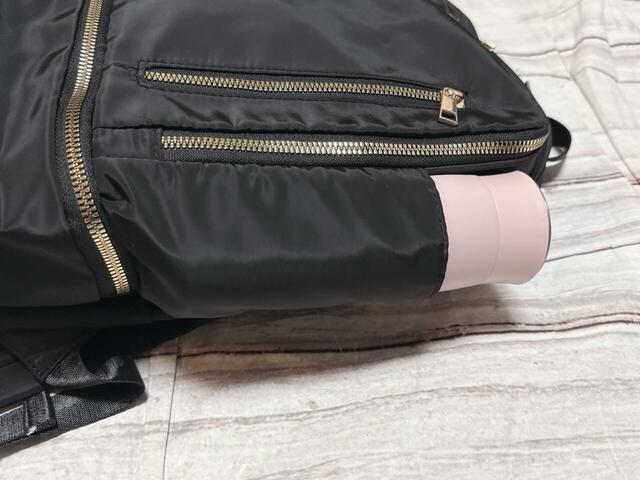 最近はホットドリンクを持ち歩くことが多いので、ステンレス製のボトルをボトルホルダーにイン！
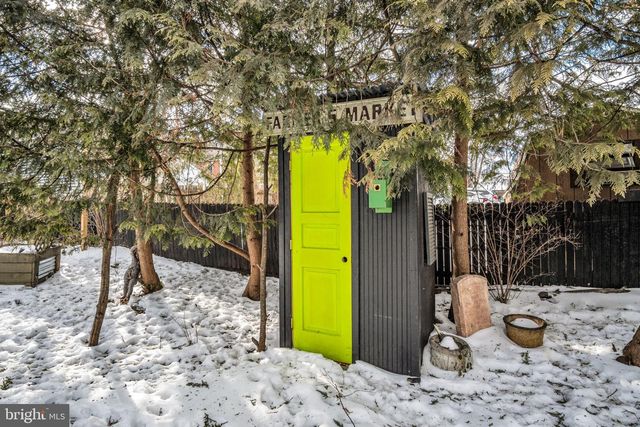 141 W LOUTHER STREET, Carlisle, PA 17013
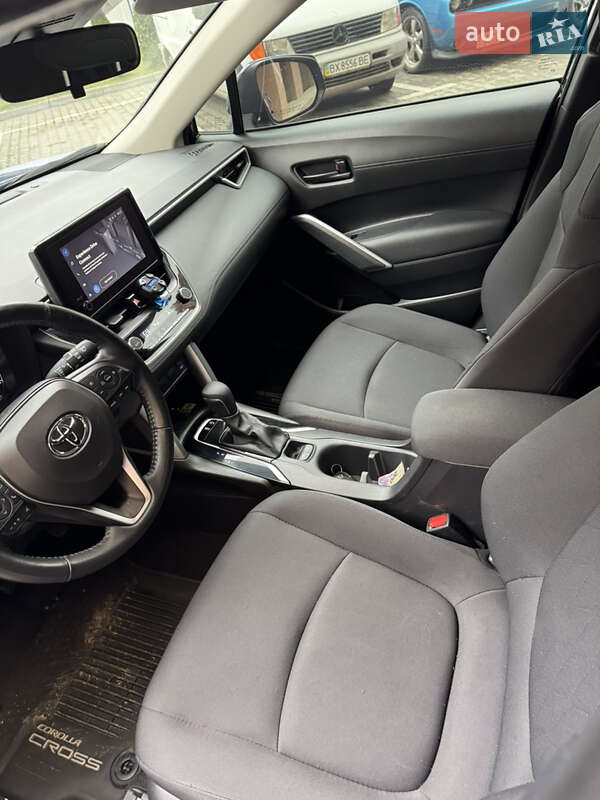 Позашляховик / Кросовер Toyota Corolla Cross 2023 в Хмельницькому фото 29 Позашляховик / Кросовер Toyota Corolla Cross 2023 в Хмельницькому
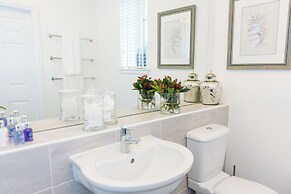 Charming Home Near Aberdeen City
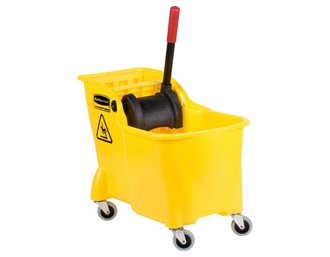 Rubbermaid Mop Bucket With New Mop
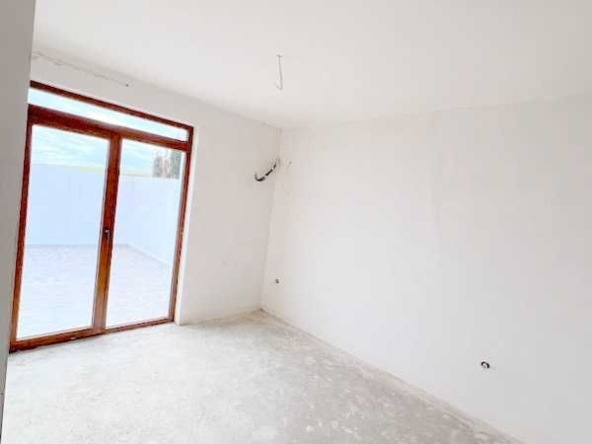 Тристаен апартамент в Ахелой - 172 кв.м за 982 €/кв.м - Снимка #1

◇ ◇ ◇ ◇ ◇

# WORK REQUIRED
The answer must be the lines above from the line that contains "в Хмельницькому фото" to the final line of the data, word for word, with no pictures.

# ANSWER AREA
 Позашляховик / Кросовер Toyota Corolla Cross 2023 в Хмельницькому фото 29 Позашляховик / Кросовер Toyota Corolla Cross 2023 в Хмельницькому
 Charming Home Near Aberdeen City
 Rubbermaid Mop Bucket With New Mop
 Тристаен апартамент в Ахелой - 172 кв.м за 982 €/кв.м - Снимка #1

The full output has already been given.